My basic attitude toward Dexter Fletcher‘s Rocketman, which opened last night, is one of muted respect. As I said during the Cannes Film Festival, it’s not great and can’t say I loved it overall, but I was genuinely pleased and throttled by the first half-hour or so. As much as I felt underwhelmed by the drugs-and-debauchery section, I couldn’t put it down at the end because at the very least it’s an actual “musical” and at the end of the day is a better, more ambitious film than Bohemian Rhapsody.
Right now the Metacritic and Rotten Tomato reactions are at 73% and 90%, respectively.
Presumably a portion of the HE community saw it last night. Reactions are hereby requested.
From “For What It Is, Rocketman Works,” posted on 5.17:
I went into Rocketman with an attitude, but I felt pleasantly turned around soon enough. I was more taken with the first 30 to 40 minutes (Elton John‘s childhood, taking piano lessons as a teen, teaming with young Bernie Taupin) and less with the remainder, which is basically about Elton becoming more and more of a booze-swigging, coke-snorting party animal and his life downswirling into addiction and self-destruction.

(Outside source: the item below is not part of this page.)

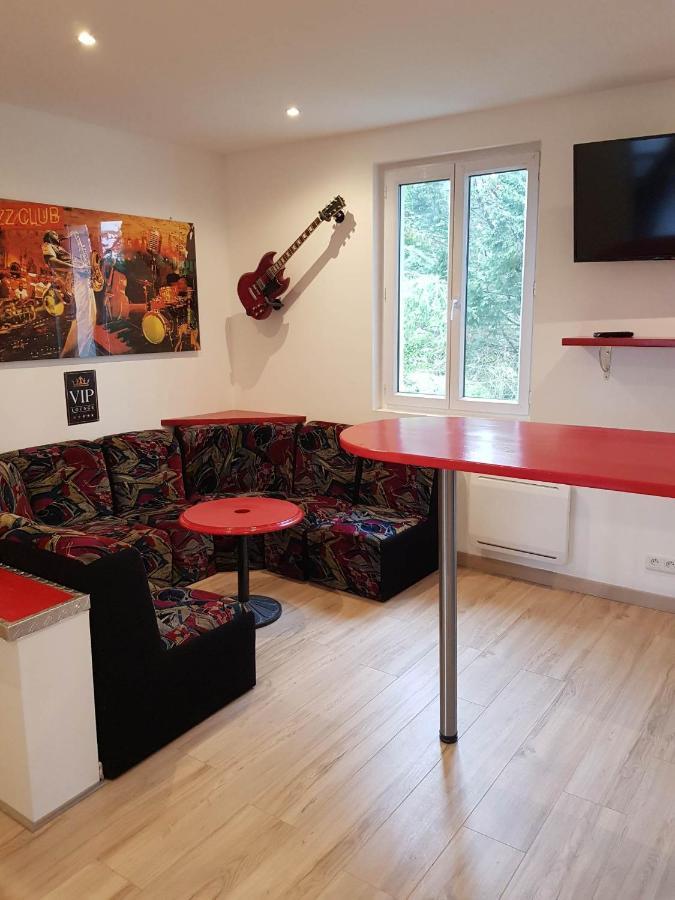 05 - Tres Joli 3 Pieces Neuf 2 Chambres, Logement Tout Equipe Pour 1 A 4 Personnes Maximum, Vue Sur Jardin Avec Parking Privatif, Grand Fourgon Possible, Tout Le Linge De Maison Est Fourni Annesse-et-Beaulieu Kültér fotó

I respect Dexter Fletcher‘s decision to not tell Elton’s saga Bohemian Rhapsody-style, using a linear “this happened and then that happened” approach. Instead he chose a more creative and dynamic (not to mention more cinematic) scheme by making it into a punched up, inventively choreographed, mad-brush Ken Russell musical.
The framing device is Elton confessing all during an Alcoholics Anonymous meeting. Out of this comes a looking-back-at-my-life, All That Jazz-type deal that uses several John-Taupin songs as emotional backdrops or undercurrents for various biographical moments.
The film isn’t biographically accurate in many respects (the musical scheme requires a suspension of realism and chronological history) and there’s a lot more interest in a glitter-and-glam aesthetic than any kind of semi-realistic presentation of how things really went down, but this is the film they chose to make.